Databinding is a complete trainwreck, the Combo-box class is horribly overcomplicated by its double-duty as text-entry and drop-down-list, the DataGridView is a complete beast of leaky abstractions, and the layout engine completely falls apart if somebody alters the DPI unless you obsessively test DPI alterations yourself.

I don't blame Microsoft for any of this - it was 2000 and they were making a wrapper around some terrifying legacy code.

But this thing should have been tossed in the dustbin of history a long time ago.

3 comments

I believe that no technology is simple on it's own, it all depends to the abstractions that you are used to. Counterintuitive is dependent on how things are expected to work.

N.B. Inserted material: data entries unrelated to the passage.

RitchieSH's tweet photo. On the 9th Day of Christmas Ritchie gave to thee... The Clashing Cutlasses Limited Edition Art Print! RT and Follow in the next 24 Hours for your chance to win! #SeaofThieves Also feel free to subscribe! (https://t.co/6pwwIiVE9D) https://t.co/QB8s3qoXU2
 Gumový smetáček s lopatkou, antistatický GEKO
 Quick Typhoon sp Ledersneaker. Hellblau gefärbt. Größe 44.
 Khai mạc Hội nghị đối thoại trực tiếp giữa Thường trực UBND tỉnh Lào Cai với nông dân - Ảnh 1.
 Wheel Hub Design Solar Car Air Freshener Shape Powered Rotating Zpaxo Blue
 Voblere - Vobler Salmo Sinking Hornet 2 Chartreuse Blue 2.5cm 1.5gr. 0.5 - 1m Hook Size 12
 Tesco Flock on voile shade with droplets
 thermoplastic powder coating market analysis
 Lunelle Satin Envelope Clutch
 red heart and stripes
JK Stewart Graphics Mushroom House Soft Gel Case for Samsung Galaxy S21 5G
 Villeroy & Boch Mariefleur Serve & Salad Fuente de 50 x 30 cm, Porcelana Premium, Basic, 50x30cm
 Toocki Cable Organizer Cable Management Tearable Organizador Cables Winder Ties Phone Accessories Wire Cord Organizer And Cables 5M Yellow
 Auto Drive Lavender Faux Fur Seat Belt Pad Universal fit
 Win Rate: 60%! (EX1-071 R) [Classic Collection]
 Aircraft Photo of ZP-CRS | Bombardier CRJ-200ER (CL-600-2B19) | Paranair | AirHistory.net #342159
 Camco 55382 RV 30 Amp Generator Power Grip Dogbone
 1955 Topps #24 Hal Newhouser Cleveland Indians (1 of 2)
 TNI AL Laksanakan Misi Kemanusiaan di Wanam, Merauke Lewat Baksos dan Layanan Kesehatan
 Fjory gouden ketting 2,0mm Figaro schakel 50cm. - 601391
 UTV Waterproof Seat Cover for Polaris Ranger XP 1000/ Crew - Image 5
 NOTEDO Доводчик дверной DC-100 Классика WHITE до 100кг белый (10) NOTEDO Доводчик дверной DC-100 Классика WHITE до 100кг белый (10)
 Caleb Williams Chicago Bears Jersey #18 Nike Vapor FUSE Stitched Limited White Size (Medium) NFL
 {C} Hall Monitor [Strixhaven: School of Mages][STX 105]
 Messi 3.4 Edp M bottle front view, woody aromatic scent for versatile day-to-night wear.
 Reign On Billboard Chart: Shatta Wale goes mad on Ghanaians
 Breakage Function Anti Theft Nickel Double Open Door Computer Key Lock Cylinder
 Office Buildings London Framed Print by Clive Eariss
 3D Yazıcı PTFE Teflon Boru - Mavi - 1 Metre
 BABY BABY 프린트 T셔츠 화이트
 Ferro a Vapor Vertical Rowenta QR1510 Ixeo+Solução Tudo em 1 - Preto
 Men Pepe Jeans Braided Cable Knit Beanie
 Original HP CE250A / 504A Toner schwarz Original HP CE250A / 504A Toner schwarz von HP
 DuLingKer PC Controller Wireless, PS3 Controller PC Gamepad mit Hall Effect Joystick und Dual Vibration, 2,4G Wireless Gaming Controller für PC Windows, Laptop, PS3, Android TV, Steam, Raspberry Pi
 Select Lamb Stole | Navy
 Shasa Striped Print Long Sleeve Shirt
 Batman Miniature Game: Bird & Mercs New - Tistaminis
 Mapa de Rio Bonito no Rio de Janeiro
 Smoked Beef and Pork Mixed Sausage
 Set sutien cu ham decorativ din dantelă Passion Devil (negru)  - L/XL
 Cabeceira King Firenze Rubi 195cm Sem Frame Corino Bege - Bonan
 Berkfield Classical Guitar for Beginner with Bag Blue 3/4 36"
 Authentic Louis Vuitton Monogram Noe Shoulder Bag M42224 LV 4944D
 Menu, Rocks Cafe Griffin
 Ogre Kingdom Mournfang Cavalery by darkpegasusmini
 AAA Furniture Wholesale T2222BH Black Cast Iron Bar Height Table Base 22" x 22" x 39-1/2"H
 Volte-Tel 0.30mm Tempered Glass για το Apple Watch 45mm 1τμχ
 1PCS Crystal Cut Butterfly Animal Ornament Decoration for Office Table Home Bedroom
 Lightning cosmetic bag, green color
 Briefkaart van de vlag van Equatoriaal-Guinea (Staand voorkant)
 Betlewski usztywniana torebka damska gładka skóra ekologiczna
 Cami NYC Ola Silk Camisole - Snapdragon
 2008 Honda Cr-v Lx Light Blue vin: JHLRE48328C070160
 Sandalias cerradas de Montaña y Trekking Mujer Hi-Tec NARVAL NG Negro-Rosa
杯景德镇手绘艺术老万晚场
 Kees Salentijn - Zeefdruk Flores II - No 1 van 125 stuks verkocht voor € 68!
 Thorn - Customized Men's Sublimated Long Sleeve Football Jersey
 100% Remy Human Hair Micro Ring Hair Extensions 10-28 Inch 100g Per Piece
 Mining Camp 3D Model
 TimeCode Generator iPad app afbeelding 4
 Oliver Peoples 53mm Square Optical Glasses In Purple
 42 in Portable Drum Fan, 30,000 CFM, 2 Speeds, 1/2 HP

Data binding is not solid, but it is a quick hack to display data, the solution is using a business model and mvp or mvc.

What do you find complicated about the combo class?

Data grid view... It is a train wreck, but then again, there is not much need to use it if you have a proper model behind.

The layout engine does sucks... The only alternative I found is to use the dev express layout control. The rumor is that 4.6 solves this.

Win forms is solid and it has very little chance of disappearing. Areas of the screen can be controlled independly, which means ui encapsulation is there... Something not easily done in html.

What a hyperbole of a comment. It really isn't that bad.
Sure. But - serious question - what offering from Microsoft would you replace it with?
I keep using it because I'm used to all its warts and idiosyncracies. So I don't know what properly-supported alternative one should use. I just get annoyed how many brand-new fresh-out-of-college developers I meet that use it. They need something better.
Having used both WPF and Silverlight until 2010 (at which point I abandoned the Microsoft stack altogether) I agree, but I don't think the answer is either of those technologies.

Have you tried building GUI apps in Racket? That's the sort of thing I was wishing for when using either Java or .NET to build Windows GUIs.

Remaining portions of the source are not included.